§ Try it
Repeat every entry word for word, skipping the pictures.

-------- Given data

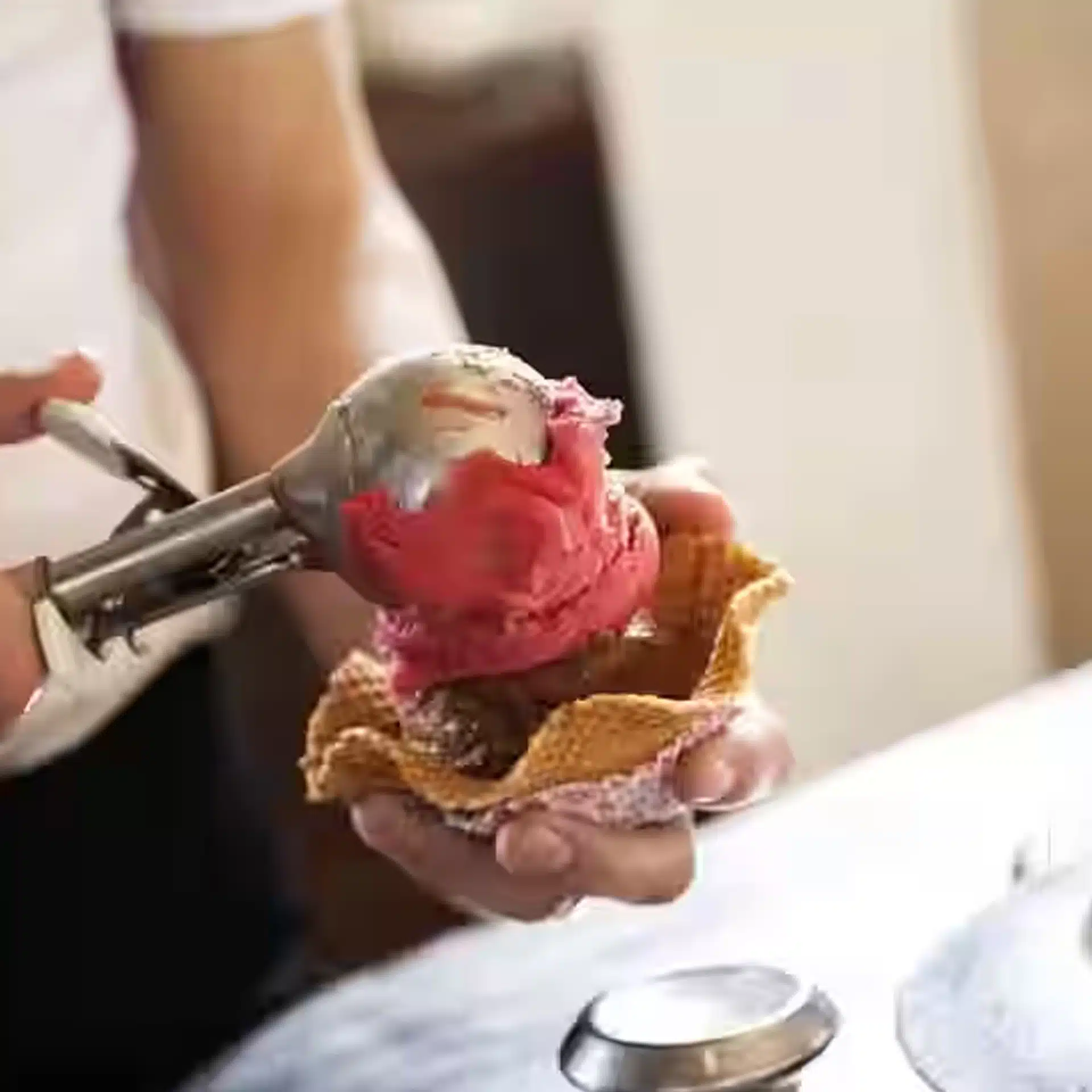 A person uses an ice cream scoop to serve a scoop of pink ice cream onto a waffle bowl already holding a scoop of chocolate ice cream.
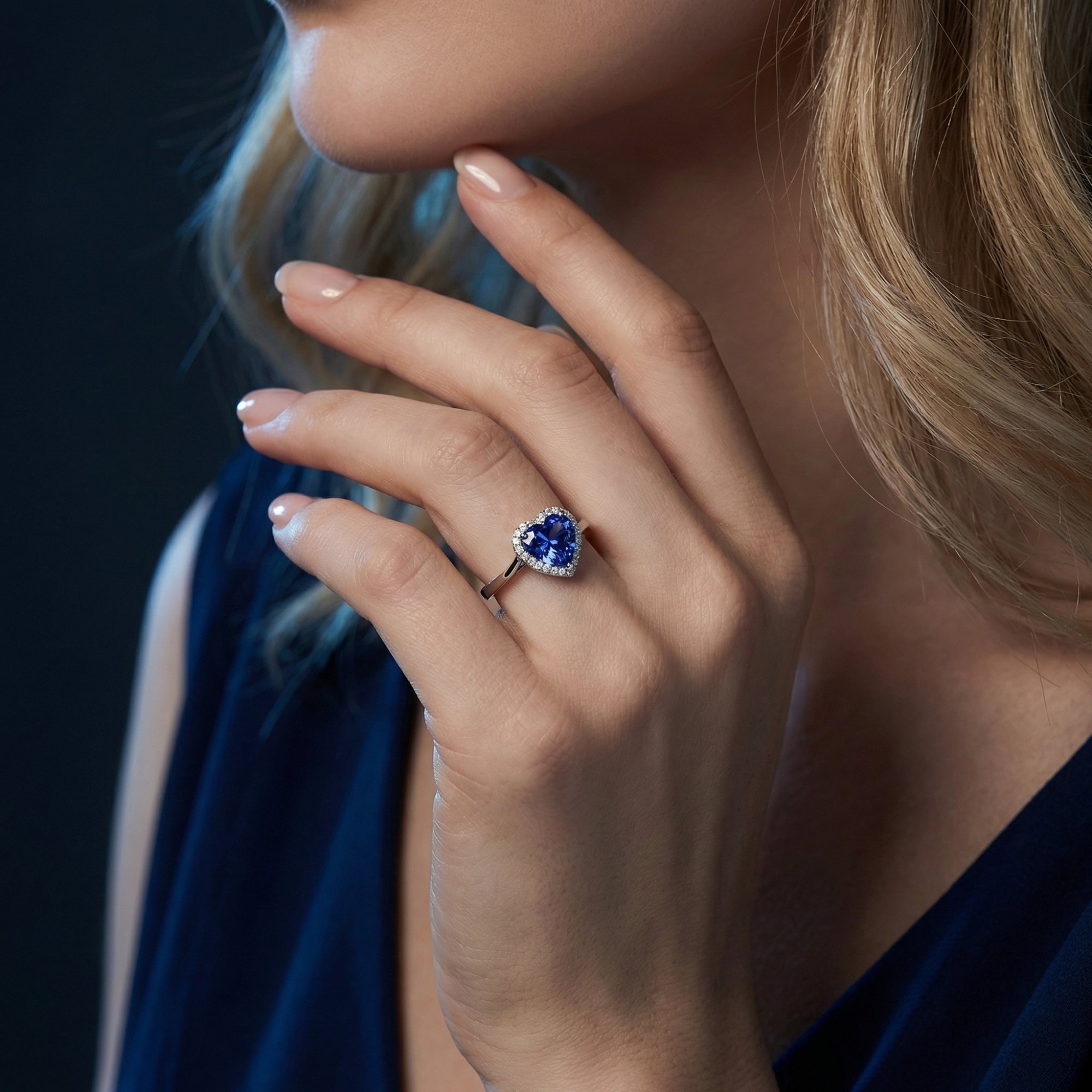 Sterling silver heart tanzanite ring worn by a model, showcasing the brilliant blue gemstone and halo design.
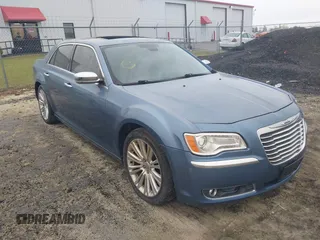 2011 Chrysler 300 with VIN 2C3CA6CT7BH580966, listed as a IAAI auction lot 41920247 with 167,991 mi miles. Bid and sale history available at carsss.com. Image 1.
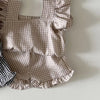 A beige gingham ruffle top and shorts set for a baby girl summer outfit.
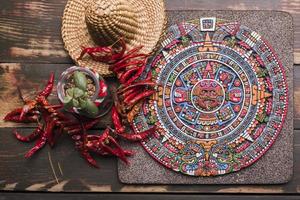decorative mexican symbol board near dried chili sombrero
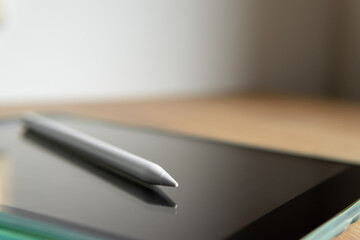 tablet and pencil close-up with blurred background.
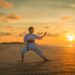 Adult martial artist practicing a stance on a beach at sunset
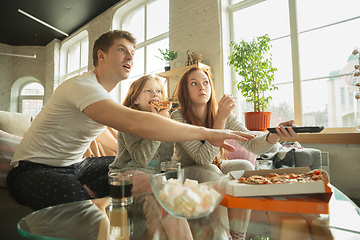 Image showing Family spending nice time together at home, looks happy and excited, eating pizza, watching sport match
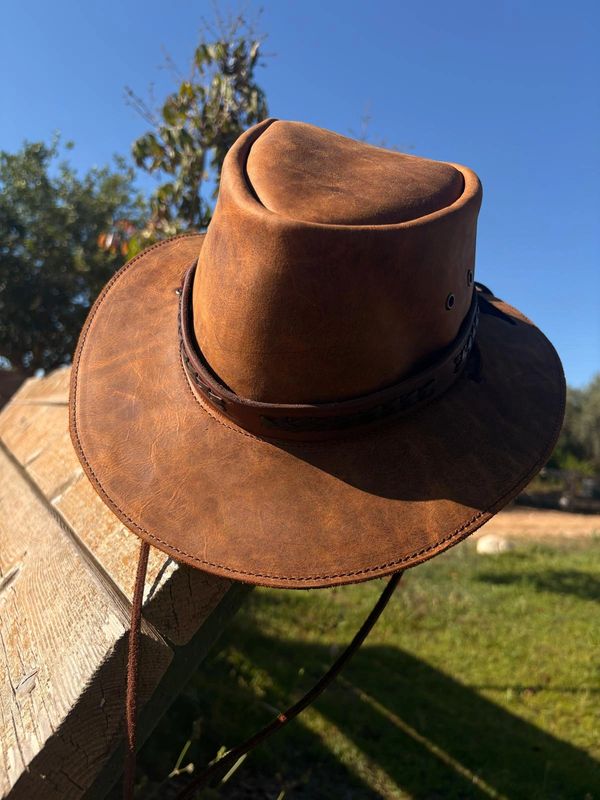 Brown leather cowboy hat on a wooden fence.
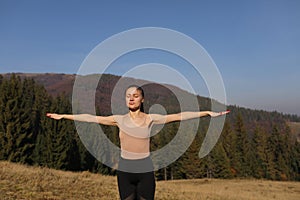 Young woman doing stretching exercises on nature in mountains. Sports girl practicing yoga pose in leggings. beautiful forest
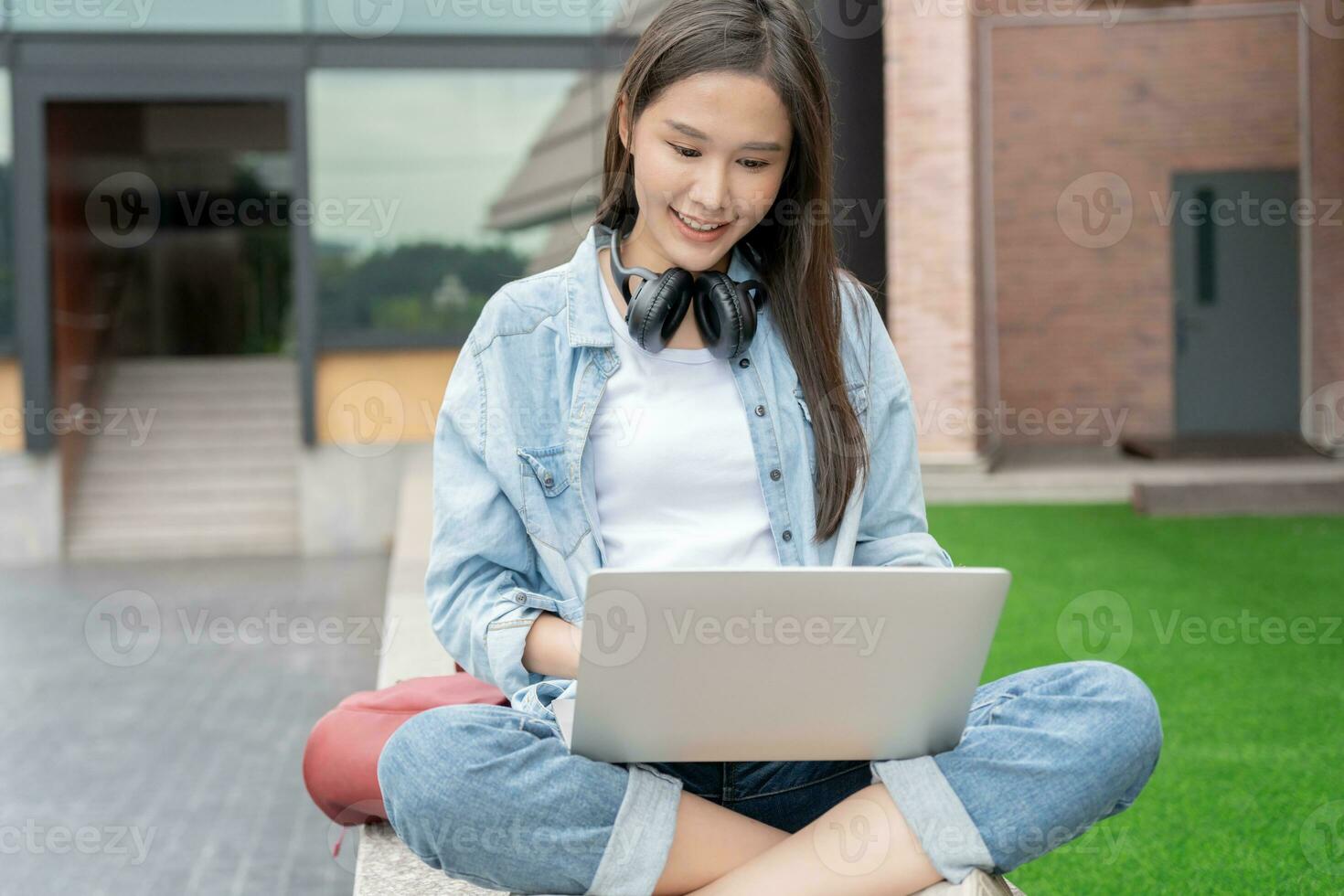 Beautiful Asian woman female student excited checking language test results on laptop. Smile girl happy study online. book in college campus. Portrait female on international Asia University photo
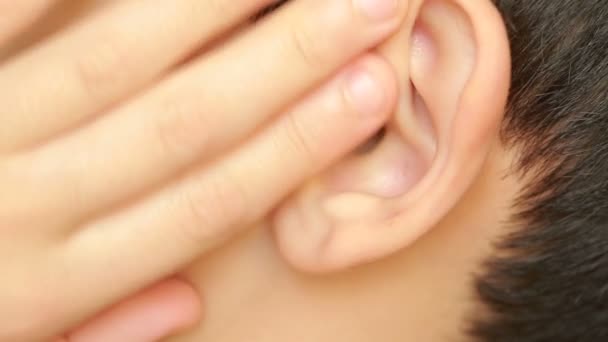 Oído de niño humano de cerca. dolor de oído, otitis. El niño toca una oreja dolorida — Vídeo de stock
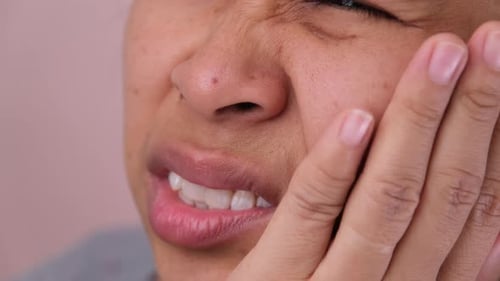Close-up of woman having toothache and her hands touching her face.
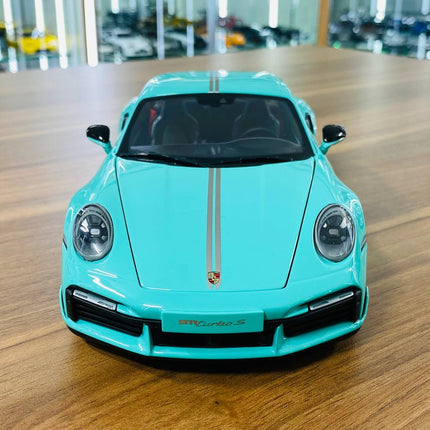 Minichamps Porsche 911 Turbo S Coupe Sport Design 2021 1/18 Diecast Green - studio product photo of the scale model
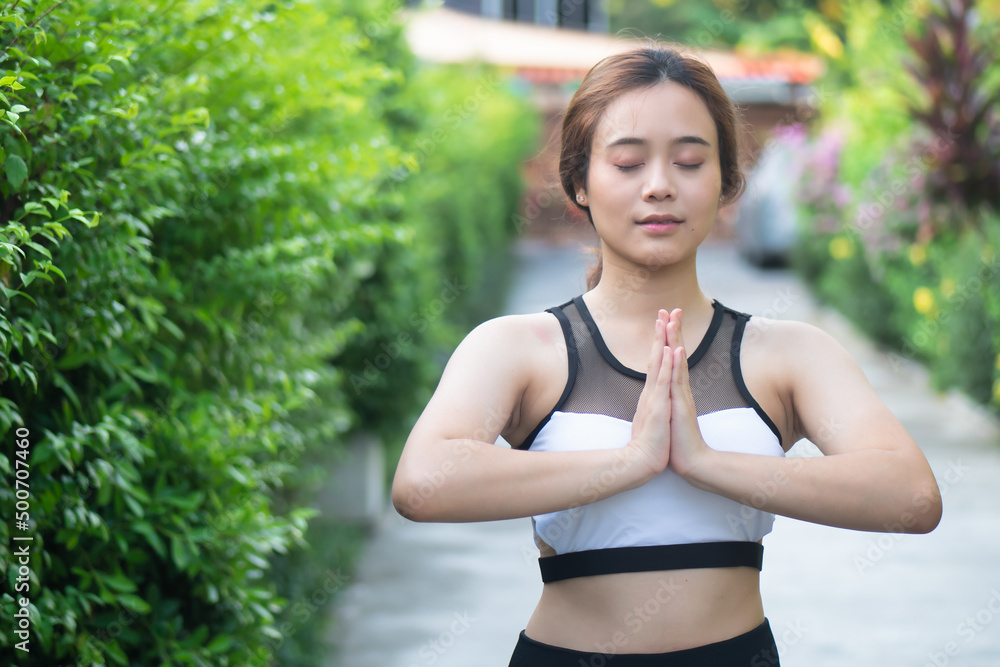 Woman practicing Traditional yoga Surya namaskar or sun salutation pose series in city park, concept of self care, health care, mindfulness, wellness Woman practicing Traditional yoga Surya namaskar or sun salutation pose series in city park, concept of self care, health care, mindfulness, wellness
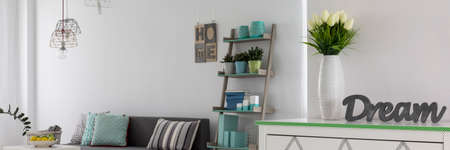 Bright panorama of a living room with white tulips in the foregroundの写真素材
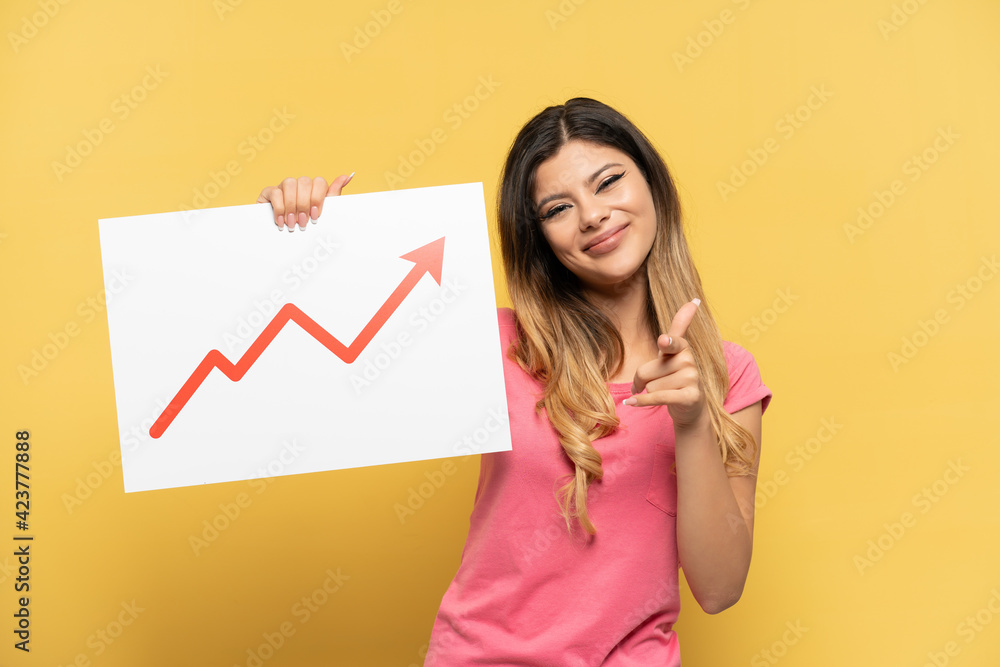 Young Russian girl isolated on yellow background holding a sign with a growing statistics arrow symbol and pointing to the front Young Russian girl isolated on yellow background holding a sign with a growing statistics arrow symbol and pointing to the front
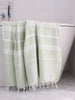 light green towel with white stripes and tassels hanging on a bath tub in a bathroom.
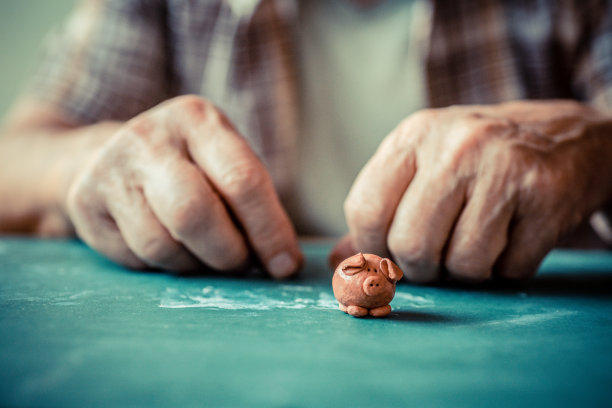 老男人的手和一只小泥猪站在前面图片下载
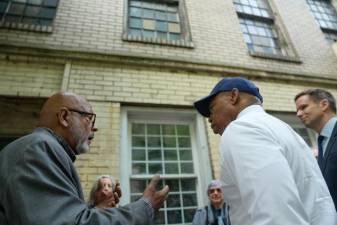 Author and activist Eric K. Washington (far left), celebrates with New York City Mayor Eric Adams (center) and Council Member Eric Bottcher (far right) on a visit to former Colored School #4 in Chelsea on Tuesday, May 23, following its approval as an official city landmark. Photo: Michael Appleton/Mayoral Photography Office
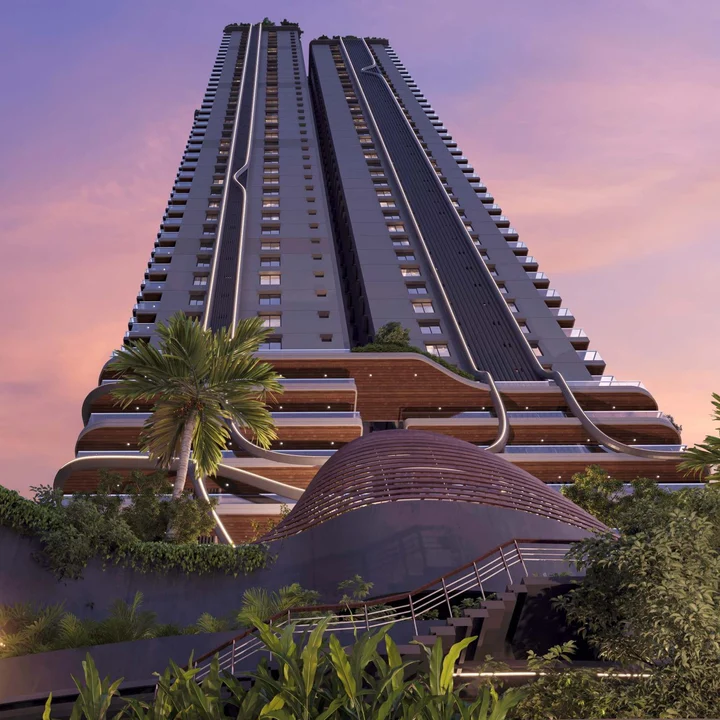 Fortune Suraj Bhan Grande tower rising above the planted podium terraces at dusk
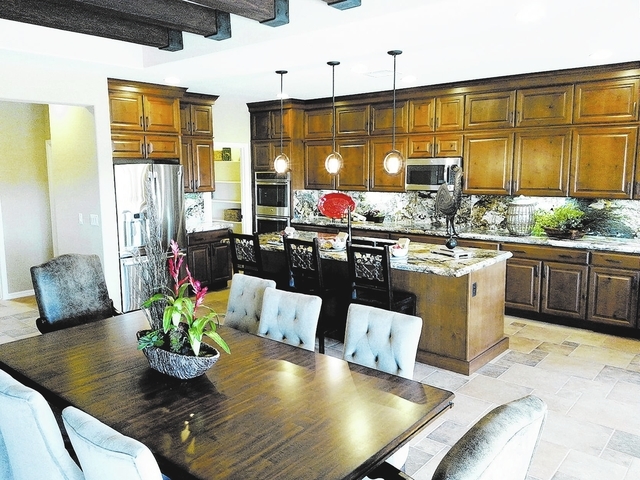 Courtesy photo An island kitchen highlights the 2,741-square-foot Plan Four model home at Series II at Tivoli in Mountain Falls by William Lyon Homes.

----------------

§ Task output
 A person uses an ice cream scoop to serve a scoop of pink ice cream onto a waffle bowl already holding a scoop of chocolate ice cream.
 Sterling silver heart tanzanite ring worn by a model, showcasing the brilliant blue gemstone and halo design.
 2011 Chrysler 300 with VIN 2C3CA6CT7BH580966, listed as a IAAI auction lot 41920247 with 167,991 mi miles. Bid and sale history available at carsss.com. Image 1.
 A beige gingham ruffle top and shorts set for a baby girl summer outfit.
decorative mexican symbol board near dried chili sombrero
 tablet and pencil close-up with blurred background.
 Adult martial artist practicing a stance on a beach at sunset
 Image showing Family spending nice time together at home, looks happy and excited, eating pizza, watching sport match
 Brown leather cowboy hat on a wooden fence.
 Young woman doing stretching exercises on nature in mountains. Sports girl practicing yoga pose in leggings. beautiful forest
 Beautiful Asian woman female student excited checking language test results on laptop. Smile girl happy study online. book in college campus. Portrait female on international Asia University photo
 Oído de niño humano de cerca. dolor de oído, otitis. El niño toca una oreja dolorida — Vídeo de stock
Close-up of woman having toothache and her hands touching her face.
 Minichamps Porsche 911 Turbo S Coupe Sport Design 2021 1/18 Diecast Green - studio product photo of the scale model
 Woman practicing Traditional yoga Surya namaskar or sun salutation pose series in city park, concept of self care, health care, mindfulness, wellness Woman practicing Traditional yoga Surya namaskar or sun salutation pose series in city park, concept of self care, health care, mindfulness, wellness
 Bright panorama of a living room with white tulips in the foregroundの写真素材
 Young Russian girl isolated on yellow background holding a sign with a growing statistics arrow symbol and pointing to the front Young Russian girl isolated on yellow background holding a sign with a growing statistics arrow symbol and pointing to the front
 light green towel with white stripes and tassels hanging on a bath tub in a bathroom.
 老男人的手和一只小泥猪站在前面图片下载
 Author and activist Eric K. Washington (far left), celebrates with New York City Mayor Eric Adams (center) and Council Member Eric Bottcher (far right) on a visit to former Colored School #4 in Chelsea on Tuesday, May 23, following its approval as an official city landmark. Photo: Michael Appleton/Mayoral Photography Office
 Fortune Suraj Bhan Grande tower rising above the planted podium terraces at dusk
 Courtesy photo An island kitchen highlights the 2,741-square-foot Plan Four model home at Series II at Tivoli in Mountain Falls by William Lyon Homes.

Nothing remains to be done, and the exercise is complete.